Yeah, your example would about do it. :p
 

Lord Pendragon said:
You know it's odd, my first thought when reading the OP was "what sort of craziness would have to exist for me to need to House Rule how many items a person can have readied?"
"I'm carrying 20k slings." ;)
 


Lord Wyrm said:
The DM is assigning an arbitrary number to presumably stop some abuse, I don't know of an official rule that says how many items you can have within reach. Personally I had a Rogue whose immeadiatly available items were 10 daggers tucked in various places, 20 potions on bandoleers, 20 arrows in quiver, short sword in waist sheath, short bow on back, hand crossbow on other side of the waist, 50ft of rope slung over shoulder, short sword in sheath across chest, and a lightcrossbow underslung on a light shield. Yeah, its an extreme example but it way more than 10 (In fact its 56 items).

You may have 56 items, but I'd almost qualify some of those groups as single readied items.

Quiver of 20 arrows. Bandoleer of potions.

Most of the massive amount of items are small items which take up very little space and can conceivably be stored in easy to retrieve locations without impeding the character.
 

Does that limit even matter when you have a:

SRD said:
Handy Haversack

A backpack of this sort appears to be well made, well used, and quite ordinary. It is constructed of finely tanned leather, and the straps have brass hardware and buckles. It has two side pouches, each of which appears large enough to hold about a quart of material. In fact, each is like a bag of holding and can actually hold material of as much as 2 cubic feet in volume or 20 pounds in weight. The large central portion of the pack can contain up to 8 cubic feet or 80 pounds of material. Even when so filled, the backpack always weighs only 5 pounds.

While such storage is useful enough, the pack has an even greater power in addition. When the wearer reaches into it for a specific item, that item is always on top. Thus, no digging around and fumbling is ever necessary to find what a haversack contains. Retrieving any specific item from a haversack is a move action, but it does not provoke the attacks of opportunity that retrieving a stored item usually does.
 

We've got a number of scrolls and potions so he's trying to limit the number we can have handy and what would be in our backpack. I can see his point. I can also see only having so many weapons in scabbards at your waist/over the back within easy reach.

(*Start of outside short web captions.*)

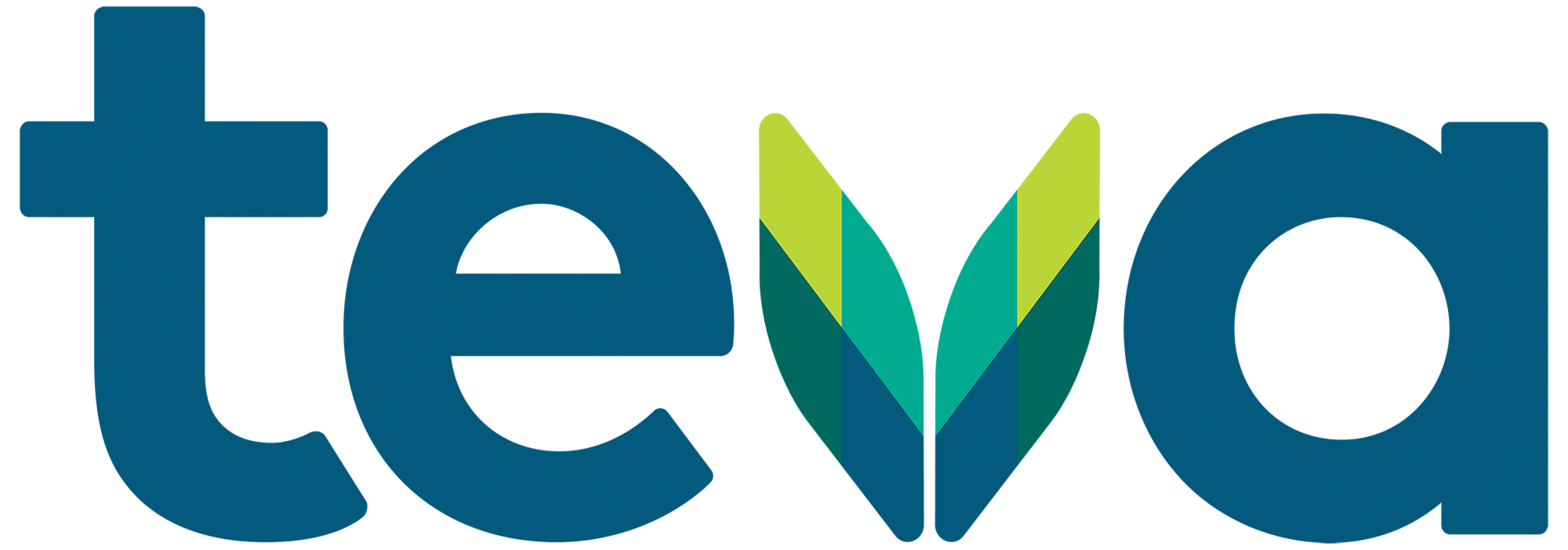teva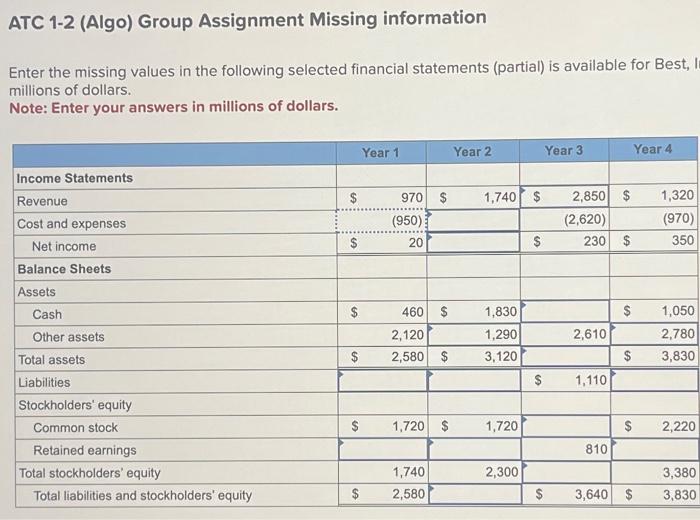 ATC 1-2 (Algo) Group Assignment Missing information Enter the missing values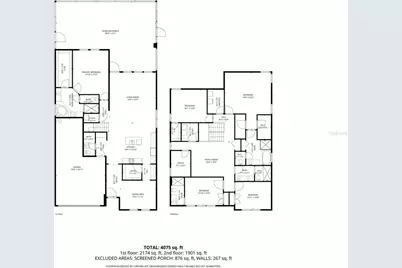 1380 Olympic Club Boulevard, Champions Gate, FL 33896 - Photo 53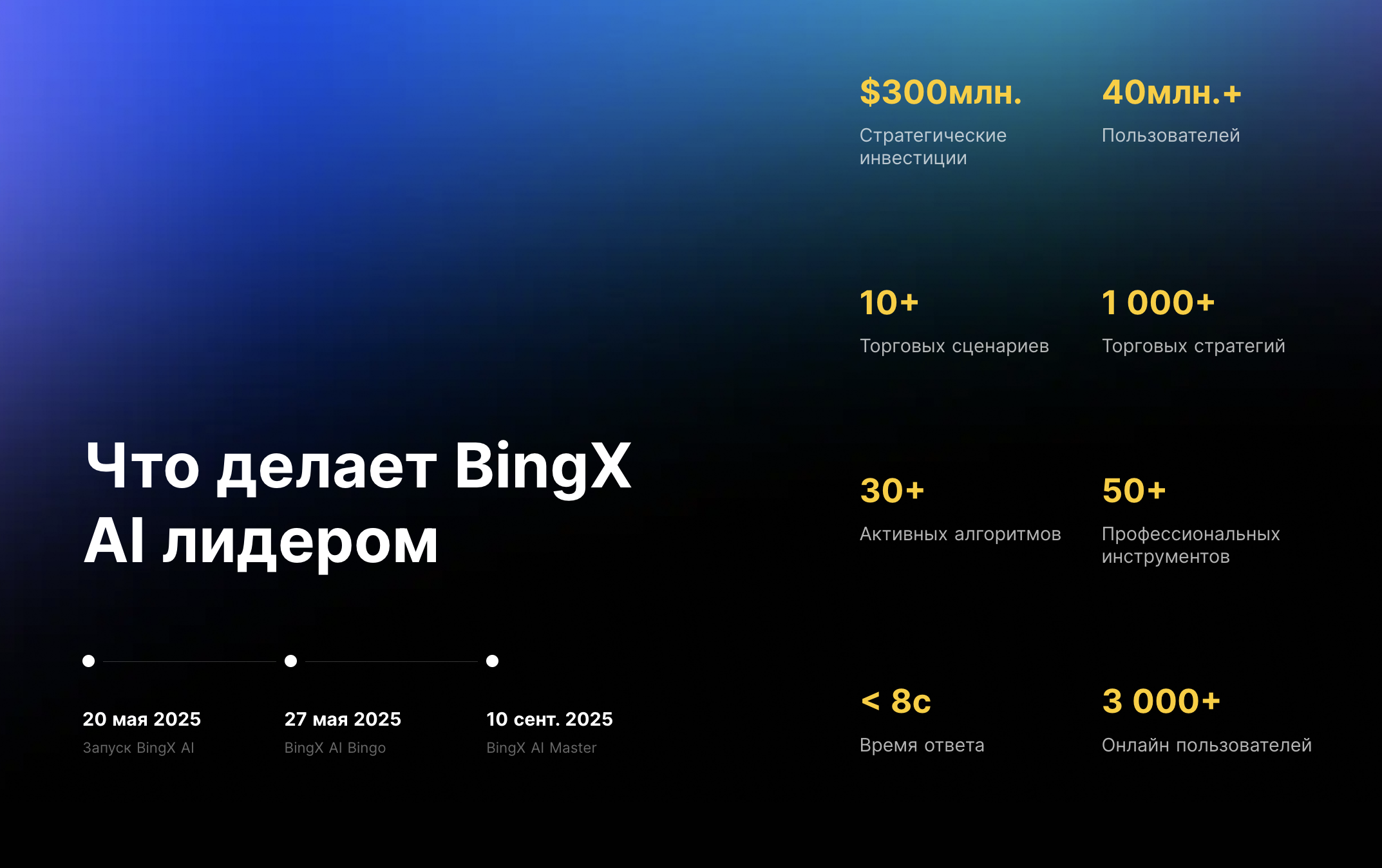 BingX AI лидерство в цифрах — $300M strategic investments, 40M+ users, 10+ trading scenarios, 1000+ strategies, 30+ active algorithms, 50+ professional tools, response time <8s, 3000+ online users
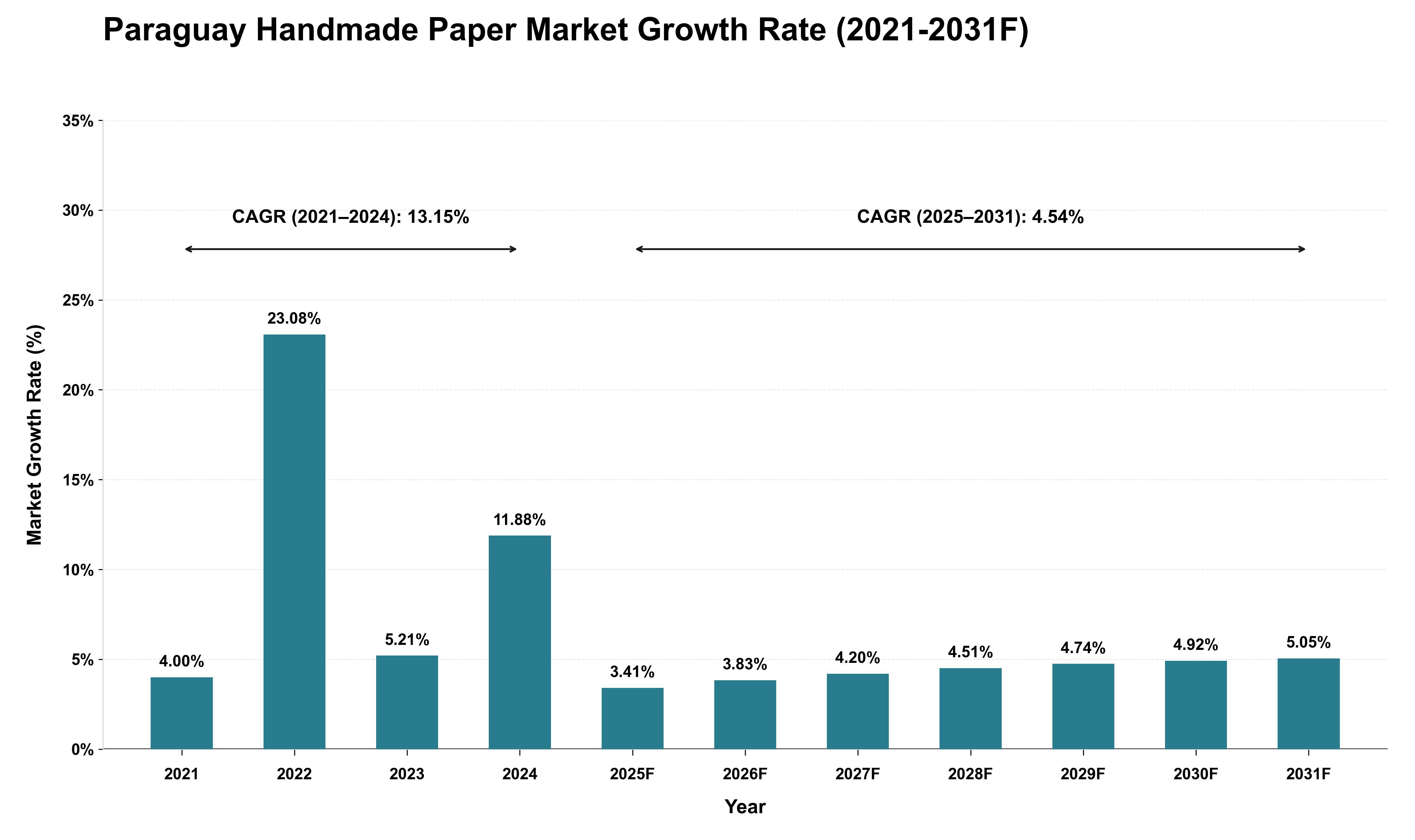 Paraguay Handmade Paper Market Growth Rate Analysis (2021 - 2031)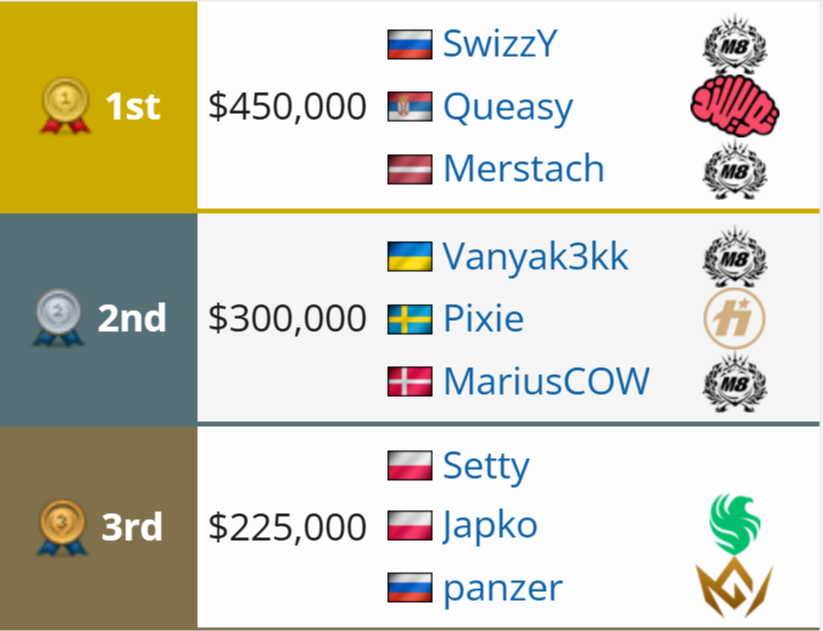 Источник: Liquipedia.net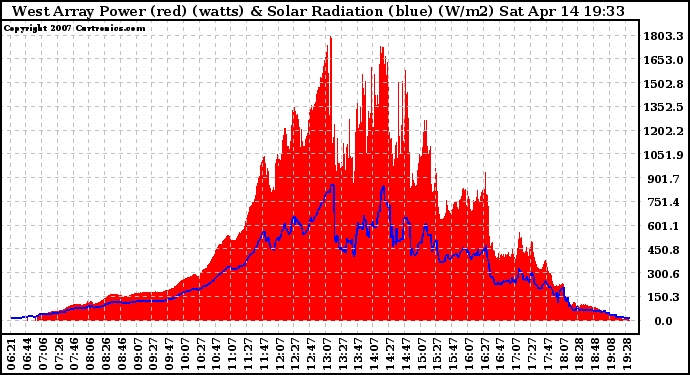 Solar PV/Inverter Performance West Array Power Output & Solar Radiation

By the way, a quiver of 20 arrows would count as just one item for this purpose, as would a spell component pouch.

As for the Haversack, we have an item called a Bag of Lodging that has a couple rooms inside it's extra-dimensional space. We occasionally hide in it and putting the Haversack inside it would be trouble. We may have to think about getting some, though, if this limit is going to be a hinderance.
 
Last edited:

In the FRCS you can find rules on mundane and masterwork potion and scroll belts. They allow you, I believe, to keep 10 potions or scrolls handy. The masterwork versions allow you to retrieve one such item, once per round, as a free action.

That's probably a good place to start from.
 

Patryn of Elvenshae said:
In the FRCS you can find rules on mundane and masterwork potion and scroll belts. They allow you, I believe, to keep 10 potions or scrolls handy. The masterwork versions allow you to retrieve one such item, once per round, as a free action.
And without such an item, it's a move action to retrieve an item no matter where it's stored - in your backpack, in a pocket or wherever. There are exceptions for drawing a weapon while you're moving or with the Quickdraw feat, but even so I don't see much point to your DM's rule.

(My rogue carries a couple of concealed daggers too, but not ten of them. Encumbrance starts to become an issue after a certain point.)